On the other side of HQ, Aftan wasn't supposed to be anywhere near Unit Nine. He was supposed to be running the balance board again while Wisp timed his micro-corrections and told him he was making the rest of them look bad. Forge had promised to set the board to "annoying" when Aftan showed up so that the floor would tilt unpredictably and apply shame to his feet in equal measure.

But Ahmar had dismissed him after the morning run with a look Aftan recognized as you're no good to me today if I wring you dry. Which left him with forty minutes before the midday brief and a head full of a word he could not dislodge.

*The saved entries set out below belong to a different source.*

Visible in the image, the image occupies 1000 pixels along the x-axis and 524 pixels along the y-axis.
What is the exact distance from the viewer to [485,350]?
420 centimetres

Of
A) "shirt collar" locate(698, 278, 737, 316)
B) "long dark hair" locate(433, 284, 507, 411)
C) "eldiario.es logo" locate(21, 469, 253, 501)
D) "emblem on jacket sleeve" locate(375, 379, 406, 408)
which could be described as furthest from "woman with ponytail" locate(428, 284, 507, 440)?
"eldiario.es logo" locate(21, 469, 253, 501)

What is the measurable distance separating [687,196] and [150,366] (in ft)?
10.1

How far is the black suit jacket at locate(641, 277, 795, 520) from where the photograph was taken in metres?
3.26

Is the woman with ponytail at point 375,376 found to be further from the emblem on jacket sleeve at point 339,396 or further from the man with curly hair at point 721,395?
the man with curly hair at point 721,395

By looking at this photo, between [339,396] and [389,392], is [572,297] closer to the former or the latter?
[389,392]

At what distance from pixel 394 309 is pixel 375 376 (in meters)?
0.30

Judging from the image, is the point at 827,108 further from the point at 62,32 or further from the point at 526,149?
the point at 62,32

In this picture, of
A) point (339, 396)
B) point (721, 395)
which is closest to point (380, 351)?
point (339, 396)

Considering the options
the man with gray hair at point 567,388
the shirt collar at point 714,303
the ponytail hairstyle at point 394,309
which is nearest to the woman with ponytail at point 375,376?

He cut down a service corridor because it smelled like oil and old rain and because corridors like that were the right length for thinking. At the bend, voices bled from a half-latched door—Yuri's low evenness, Conner's careful anger. The room was a briefing annex outfitted for huddled plans: wall screens, a table littered with printouts because sometimes digital left fingerprints you didn't want to show.

Aftan didn't intend to eavesdrop. He intended to pass. Then he heard Galen's name and the word "dragons" in a tone that made it stop meaning fiction and start meaning cause of death.

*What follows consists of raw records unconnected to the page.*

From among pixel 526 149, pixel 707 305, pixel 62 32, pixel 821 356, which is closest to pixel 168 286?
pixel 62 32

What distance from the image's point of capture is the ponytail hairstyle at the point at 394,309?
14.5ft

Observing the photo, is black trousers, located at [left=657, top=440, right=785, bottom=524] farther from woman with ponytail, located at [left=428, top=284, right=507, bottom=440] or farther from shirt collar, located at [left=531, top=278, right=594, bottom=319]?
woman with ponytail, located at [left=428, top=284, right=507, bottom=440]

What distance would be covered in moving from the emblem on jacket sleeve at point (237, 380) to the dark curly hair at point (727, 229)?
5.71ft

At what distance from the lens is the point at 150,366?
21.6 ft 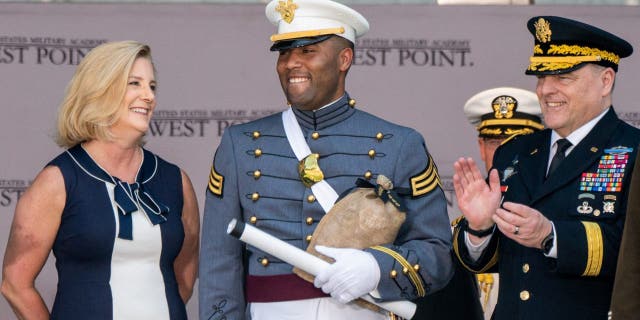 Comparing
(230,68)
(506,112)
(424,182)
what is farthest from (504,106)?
(424,182)

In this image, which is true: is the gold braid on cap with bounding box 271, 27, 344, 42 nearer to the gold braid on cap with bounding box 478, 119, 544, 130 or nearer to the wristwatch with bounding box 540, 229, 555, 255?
the wristwatch with bounding box 540, 229, 555, 255

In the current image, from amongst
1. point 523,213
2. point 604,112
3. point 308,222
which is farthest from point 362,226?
point 604,112

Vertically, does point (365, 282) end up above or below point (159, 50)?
below

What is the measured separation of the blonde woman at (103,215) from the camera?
5.34 meters

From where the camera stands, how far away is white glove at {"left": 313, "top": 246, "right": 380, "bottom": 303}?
482 cm

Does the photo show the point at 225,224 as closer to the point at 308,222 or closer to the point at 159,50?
the point at 308,222

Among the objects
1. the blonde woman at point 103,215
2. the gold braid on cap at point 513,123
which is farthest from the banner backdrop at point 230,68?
the blonde woman at point 103,215

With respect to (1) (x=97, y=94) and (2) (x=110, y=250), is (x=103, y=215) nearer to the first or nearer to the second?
(2) (x=110, y=250)

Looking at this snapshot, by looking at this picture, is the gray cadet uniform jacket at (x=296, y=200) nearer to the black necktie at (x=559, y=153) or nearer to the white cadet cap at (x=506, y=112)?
the black necktie at (x=559, y=153)

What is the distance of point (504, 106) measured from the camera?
267 inches

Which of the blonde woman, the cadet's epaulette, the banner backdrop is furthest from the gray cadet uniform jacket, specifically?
the banner backdrop

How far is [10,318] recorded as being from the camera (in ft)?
23.2

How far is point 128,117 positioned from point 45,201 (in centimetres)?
43

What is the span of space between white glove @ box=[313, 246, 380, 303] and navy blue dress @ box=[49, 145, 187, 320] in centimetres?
79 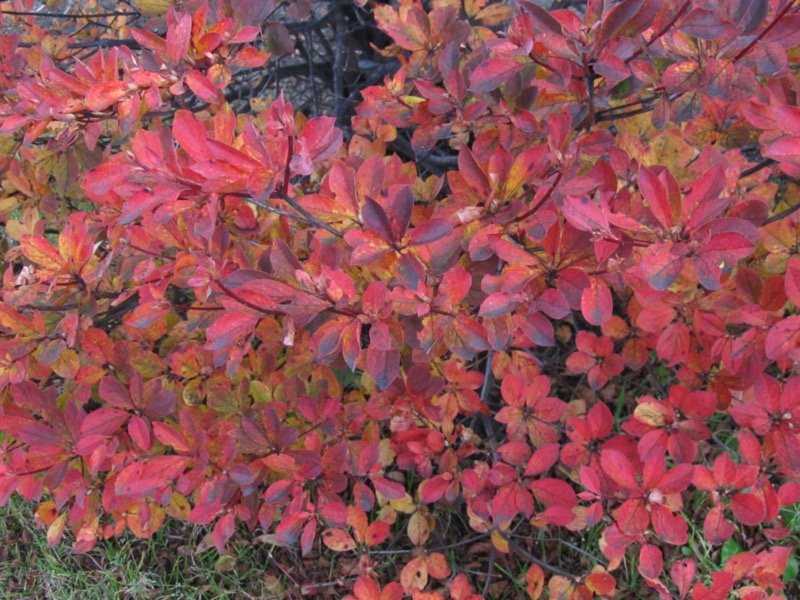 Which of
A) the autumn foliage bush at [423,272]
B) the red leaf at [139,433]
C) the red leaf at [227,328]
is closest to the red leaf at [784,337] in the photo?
the autumn foliage bush at [423,272]

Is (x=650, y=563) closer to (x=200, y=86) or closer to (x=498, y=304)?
(x=498, y=304)

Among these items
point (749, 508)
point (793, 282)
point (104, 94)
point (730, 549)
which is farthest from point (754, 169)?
point (104, 94)

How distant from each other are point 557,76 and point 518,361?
2.17ft

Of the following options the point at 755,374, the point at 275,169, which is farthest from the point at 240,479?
the point at 755,374

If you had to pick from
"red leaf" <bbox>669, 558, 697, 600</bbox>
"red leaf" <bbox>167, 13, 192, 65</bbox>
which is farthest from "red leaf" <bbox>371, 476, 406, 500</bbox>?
"red leaf" <bbox>167, 13, 192, 65</bbox>

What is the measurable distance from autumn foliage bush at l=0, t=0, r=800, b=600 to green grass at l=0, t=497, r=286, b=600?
1.34 feet

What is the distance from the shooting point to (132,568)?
77.5 inches

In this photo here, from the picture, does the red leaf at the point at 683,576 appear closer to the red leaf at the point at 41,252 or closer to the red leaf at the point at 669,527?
the red leaf at the point at 669,527

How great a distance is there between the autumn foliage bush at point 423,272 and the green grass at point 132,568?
Result: 0.41 metres

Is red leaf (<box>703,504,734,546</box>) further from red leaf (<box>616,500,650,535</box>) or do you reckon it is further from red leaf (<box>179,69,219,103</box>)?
red leaf (<box>179,69,219,103</box>)

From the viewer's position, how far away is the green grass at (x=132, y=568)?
6.16 feet

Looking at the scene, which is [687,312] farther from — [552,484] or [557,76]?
[557,76]

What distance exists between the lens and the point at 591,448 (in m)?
1.44

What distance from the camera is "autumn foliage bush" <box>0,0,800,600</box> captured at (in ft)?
3.19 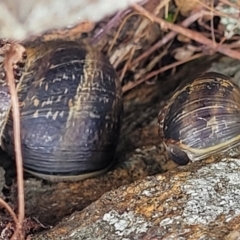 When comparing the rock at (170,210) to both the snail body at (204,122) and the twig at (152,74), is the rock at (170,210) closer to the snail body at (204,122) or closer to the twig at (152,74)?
the snail body at (204,122)

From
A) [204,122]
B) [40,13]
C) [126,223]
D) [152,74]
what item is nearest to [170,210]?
[126,223]

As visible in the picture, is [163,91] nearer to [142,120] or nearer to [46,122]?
[142,120]

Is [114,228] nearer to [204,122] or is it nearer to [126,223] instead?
[126,223]

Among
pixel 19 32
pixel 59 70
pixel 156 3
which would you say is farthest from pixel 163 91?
pixel 19 32

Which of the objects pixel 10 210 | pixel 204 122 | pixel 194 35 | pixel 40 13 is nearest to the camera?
pixel 40 13

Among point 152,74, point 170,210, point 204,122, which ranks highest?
point 152,74

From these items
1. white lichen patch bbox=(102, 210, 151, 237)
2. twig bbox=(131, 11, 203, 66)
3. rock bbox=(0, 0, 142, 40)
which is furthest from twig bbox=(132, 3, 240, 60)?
rock bbox=(0, 0, 142, 40) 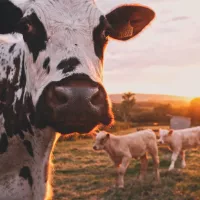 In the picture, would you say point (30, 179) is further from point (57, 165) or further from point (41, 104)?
point (57, 165)

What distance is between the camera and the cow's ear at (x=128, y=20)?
4.32 metres

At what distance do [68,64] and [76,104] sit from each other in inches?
15.0

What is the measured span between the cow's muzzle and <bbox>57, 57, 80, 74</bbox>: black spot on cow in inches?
5.0

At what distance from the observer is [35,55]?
134 inches

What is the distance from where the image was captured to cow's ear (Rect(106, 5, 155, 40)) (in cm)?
432

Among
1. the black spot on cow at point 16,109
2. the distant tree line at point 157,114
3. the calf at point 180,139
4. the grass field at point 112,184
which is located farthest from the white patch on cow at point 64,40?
the distant tree line at point 157,114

He stopped breathing. Then he remembered the elevator lesson and did it anyway.

"—no footage," Conner was saying. "But we have reflections. Ren pulled a curve off a condo window. It looks like a wing."

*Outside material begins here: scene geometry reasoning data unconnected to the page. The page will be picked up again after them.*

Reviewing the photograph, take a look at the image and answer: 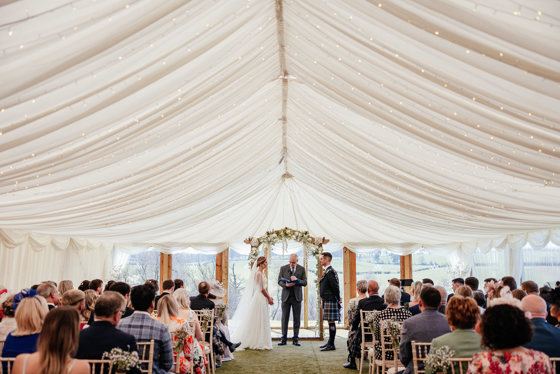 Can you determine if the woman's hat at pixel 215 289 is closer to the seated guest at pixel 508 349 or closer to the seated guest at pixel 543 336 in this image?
the seated guest at pixel 543 336

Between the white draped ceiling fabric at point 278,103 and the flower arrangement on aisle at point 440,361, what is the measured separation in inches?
69.3

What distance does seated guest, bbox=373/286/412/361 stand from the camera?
5.61m

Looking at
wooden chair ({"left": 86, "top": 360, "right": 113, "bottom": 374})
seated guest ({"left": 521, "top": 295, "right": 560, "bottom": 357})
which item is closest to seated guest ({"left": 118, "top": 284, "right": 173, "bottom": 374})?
wooden chair ({"left": 86, "top": 360, "right": 113, "bottom": 374})

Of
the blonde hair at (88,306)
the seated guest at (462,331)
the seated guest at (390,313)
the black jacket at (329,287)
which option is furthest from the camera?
the black jacket at (329,287)

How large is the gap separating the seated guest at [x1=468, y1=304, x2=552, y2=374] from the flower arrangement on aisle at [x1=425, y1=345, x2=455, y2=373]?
27.3 inches

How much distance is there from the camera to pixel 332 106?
523 centimetres

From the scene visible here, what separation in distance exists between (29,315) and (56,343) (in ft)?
3.12

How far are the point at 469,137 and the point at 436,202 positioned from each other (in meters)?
2.86

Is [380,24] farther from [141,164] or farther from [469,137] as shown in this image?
[141,164]

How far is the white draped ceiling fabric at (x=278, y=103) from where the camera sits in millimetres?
2758

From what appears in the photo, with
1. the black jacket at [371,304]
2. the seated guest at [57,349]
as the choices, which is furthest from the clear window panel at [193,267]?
the seated guest at [57,349]

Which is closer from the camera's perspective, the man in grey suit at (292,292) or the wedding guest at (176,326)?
the wedding guest at (176,326)

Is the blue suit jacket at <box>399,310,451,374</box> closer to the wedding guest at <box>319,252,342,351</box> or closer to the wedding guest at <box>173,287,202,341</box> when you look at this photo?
the wedding guest at <box>173,287,202,341</box>

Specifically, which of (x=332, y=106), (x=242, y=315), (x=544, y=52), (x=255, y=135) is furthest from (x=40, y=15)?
(x=242, y=315) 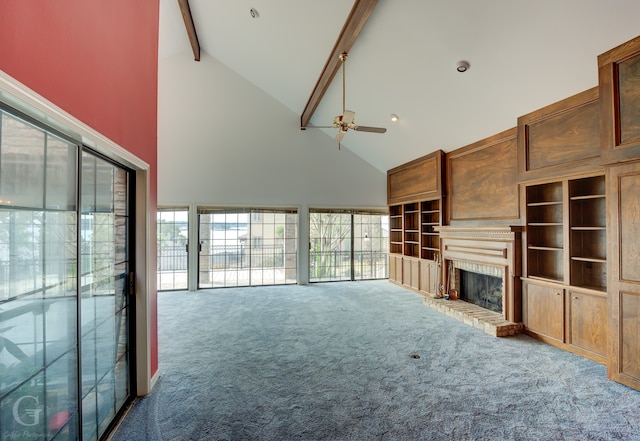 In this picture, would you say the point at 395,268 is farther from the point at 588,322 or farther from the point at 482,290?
the point at 588,322

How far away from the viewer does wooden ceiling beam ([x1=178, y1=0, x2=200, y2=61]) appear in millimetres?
4781

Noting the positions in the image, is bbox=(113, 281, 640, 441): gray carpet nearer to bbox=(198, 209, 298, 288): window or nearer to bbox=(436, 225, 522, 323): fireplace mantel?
bbox=(436, 225, 522, 323): fireplace mantel

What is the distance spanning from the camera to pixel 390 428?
2141 mm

"Looks like," Yuri repeated. "The difference between a shadow and a man is important until it isn't."

"Sir, we need a dedicated team on Needle residues. Not cross-assigned. Not 'as time allows.'" Conner's hands were on the table. They made white moons where the knuckles pressed. "I can do it. Let me do it."

"You're already doing it," Yuri said. "I'm just saving you the paperwork."

Conner huffed a laugh that wasn't one. "That's… appreciated." He paused. "I want access to Unit Three's new transfer."

Aftan's shoulder tightened against the wall of its own accord.

"Why?" Yuri asked.

"Because his name's all over things without being on anything," Conner said. "Because he was transferred in two days after the Needle and because his father's name turns up in files that shouldn't have been redacted like they were."

"Runta," Yuri said, and the name hung there like a photograph you turn over and find a note on the back that changes the front forever.

Aftan pushed the door open because it was worse not to.

The two men turned. Conner's mouth opened, closed. Yuri's didn't move at all.

"I'm Aftan," Aftan said, because sometimes the only way not to be a ghost in a room was to say your name like you were not one. "And I didn't try to overhear you. I just… didn't succeed at leaving."

Conner glanced at Yuri as if to ask permission to exist. Yuri didn't give it and didn't not give it. He simply lifted a hand toward a chair. Aftan took it.